USDA FoodData Central — verified ingredient density data, raw vs cooked weight factors, and nutritional values, fdc.nal.usda.govCurrent database
FDA Food Safety — safe minimum internal cooking temperatures and Atwater calorie system, fda.gov/foodCurrent standards
NIST Handbook 44 — US customary measurement definitions, cup = 236.588ml, nist.govOfficial standards
UK Weights and Measures Act — imperial cup = 284ml; Australian Standard cup = 250ml, legislation.gov.ukCurrent standards

Grams to Cups, Cooking Conversions & BBQ Planning — Why One Formula Is Never Enough

Every food measurement problem has at least one hidden variable that most calculator pages never mention. The grams-to-cups conversion depends on ingredient density — and density varies by a factor of nearly 3 between the lightest (cocoa powder at 85g/cup) and heaviest (honey at 340g/cup) common baking ingredients. A "cup" is not a fixed weight: it is a volume that holds different weights of different substances. Recipe calorie calculators give different answers for identical recipes because "chicken breast" in one database is raw and in another is cooked — a 25% calorie difference on your highest-protein ingredient.
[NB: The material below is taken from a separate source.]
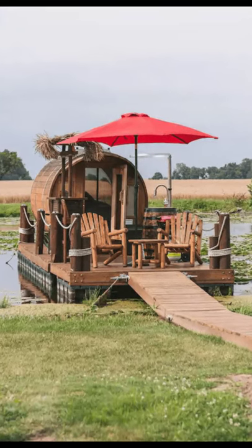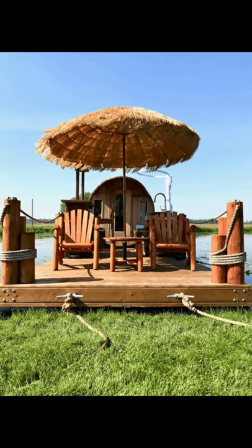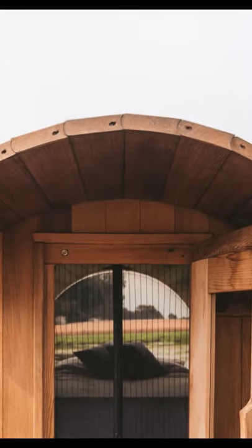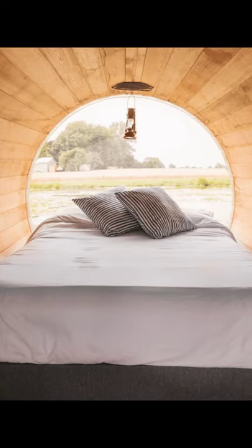Hi there and welcome back to Hygge House. Today we're going to talk about this wine barrel floating cabin with panoramic window in Ontario, Canada. Now let's get started.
BBQ food planning goes wrong when people buy 500g per person but forget that beef shrinks 25–30% during cooking, putting 350g on the plate instead of 500g.

Grams to Cups — The Density Problem Every Baking Conversion Must Solve

The grams to cups calculator converts weight to volume for specific ingredients using USDA density data. A single universal "240g per cup" factor is accurate only for water and thin liquids. For baking, every ingredient has its own density affected by how it is measured (sifted vs spooned vs packed), particle size, and moisture content. All-purpose flour sifted weighs 100–110g per cup. Flour spooned and leveled weighs 120–130g. Flour scooped directly from the bag weighs 140–160g — up to 60% more than sifted. This variation is why bakers who weigh in grams produce more consistent results than those who measure in cups.

Grams ↔ Cups Conversion — Density Formula Cups = Grams ÷ (grams per cup for that specific ingredient) Grams = Cups × (grams per cup for that specific ingredient) — Why "1 cup = 240g" only applies to water — All-purpose flour (spooned): 1 cup = 125g Granulated sugar: 1 cup = 200g Honey: 1 cup = 340g Rolled oats: 1 cup = 90g ✗ Wrong: 200g flour ÷ 240 = 0.83 cups — using universal water factor ✓ Correct: 200g flour ÷ 125 = 1.60 cups — using flour density Baking is chemistry. A cake recipe calling for 2 cups of flour expects 250g. Using 480g (the water-based calculation) produces a dense, dry failure. Always specify the ingredient. Never use a universal grams-to-cups conversion for baking.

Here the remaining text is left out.